Highlights & Insights

  • Translating statistical objectives into optimizable engineering goals: The "cumulative product conformity score" is derived from the oracle optimal rule, and the "constrained FPR minimization" proxy aligns the pursuit of the oracle with solvable optimization. The theory and method are tightly coupled.
  • First retention rate theory for conformal inference: Theorem 3 quantitatively links estimation MSE to true claim retention, providing a rigorous justification for ensembles beyond empirical intuition.
  • Plug-and-play: Relying only on per-claim scalar scores allows it to be applied to any black-box generator with low deployment hurdles.

Limitations & Future Work

  • Group definitions rely on manual priors: Group partitioning \(g\) uses dataset-specific high-level categories (e.g., medical question types). Applying it to new domains requires re-designing grouping criteria.
  • Bernoulli independence assumption: The proof for retention optimality assumes claim labels within a document are conditionally independent. In reality, claims often have factual dependencies, which might make the product score slightly optimistic.
  • Ensemble costs: Main experiments use three 70B-class models for scoring, involving significant inference overhead; group-level calibration thresholds may remain conservative when sample sizes are small.
  • Difficulty in verifying β/margin conditions: The convergence rate in Theorem 3 depends on an unknown margin exponent \(\beta\), making the tightness of practical bounds difficult to evaluate.
  • BCI (Mohri & Hashimoto 2024): The pioneering approach using a single global threshold and worst-case scores; MACI directly addresses its conservatism.
  • CCI (Cherian et al. 2024): Conditional conformal inference with adaptive α. It shares similar goals with MACI but differs in the form of guarantees; it is the most direct competitor.
  • Multi-calibration / MultiValid CP (Hébert-Johnson 2018; Jung et al. 2023): The theoretical foundation for group-conditional coverage, which typically sacrifices efficiency.

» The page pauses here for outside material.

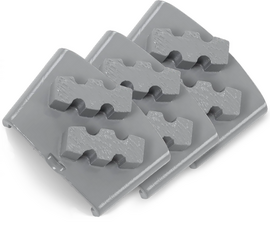 Diamentowy segment szlifierski Husqvarna ELITE-GRIND EZ XS30 (3 szt.) (podwójny)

MACI attempts to recover retention within this framework.
  • Insight: In the presence of conflicting constraints like "distribution-free guarantees vs. information retention," a valuable methodology is to derive the oracle optimal solution first and then use theory (quantifying the impact of estimation error) to align engineering improvements (ensembles, smarter score aggregation) with statistical objectives.

Rating

  • Novelty: ⭐⭐⭐⭐ The multiplicative filtering framework + first retention rate theory for CI + multi-LLM ensemble motivation form a cohesive and theoretically grounded new approach.
  • Experimental Thoroughness: ⭐⭐⭐⭐ Three datasets × multiple group partitions × three target coverage levels × 30 repetitions, with extensive analysis of variants and covariate shifts in the appendix.
  • Writing Quality: ⭐⭐⭐⭐ Clear logical progression from oracle rules to practical methods; theorems correspond directly to design choices.
  • Value: ⭐⭐⭐⭐ Provides a practical filter that balances coverage and retention under fixed α for high-risk scenarios; highly valuable for real-world deployment.